→ **Brief**:
From the entries below, return only the lines starting at the one that contains "KOKKO Женская блузка" and ending at the one that contains "Moderne dimmbare LED", exactly as they stand.

→ **Stored data**:
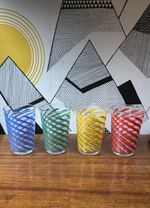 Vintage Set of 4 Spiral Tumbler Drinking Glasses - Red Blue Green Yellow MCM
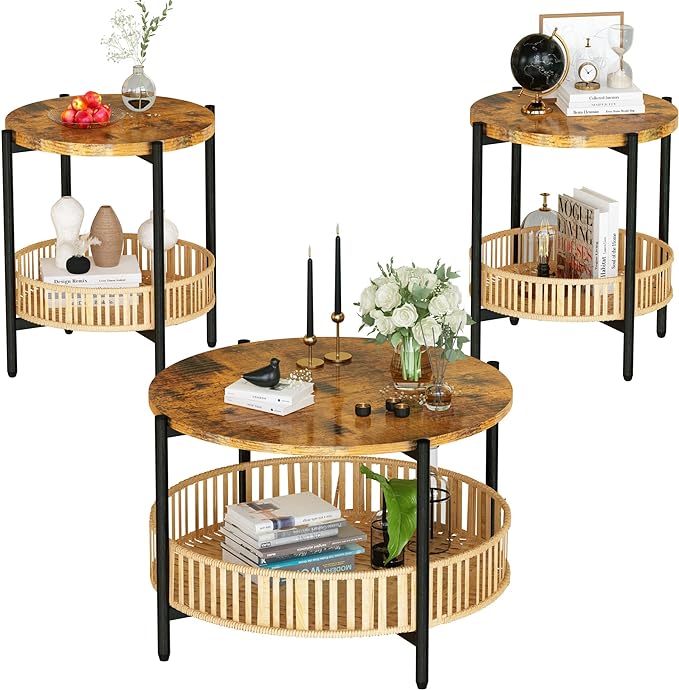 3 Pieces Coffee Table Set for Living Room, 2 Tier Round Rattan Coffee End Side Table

* * *

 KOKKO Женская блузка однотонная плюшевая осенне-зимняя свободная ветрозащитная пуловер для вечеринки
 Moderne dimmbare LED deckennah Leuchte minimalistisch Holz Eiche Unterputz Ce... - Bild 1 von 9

→ **Answer**:
 KOKKO Женская блузка однотонная плюшевая осенне-зимняя свободная ветрозащитная пуловер для вечеринки
 Moderne dimmbare LED deckennah Leuchte minimalistisch Holz Eiche Unterputz Ce... - Bild 1 von 9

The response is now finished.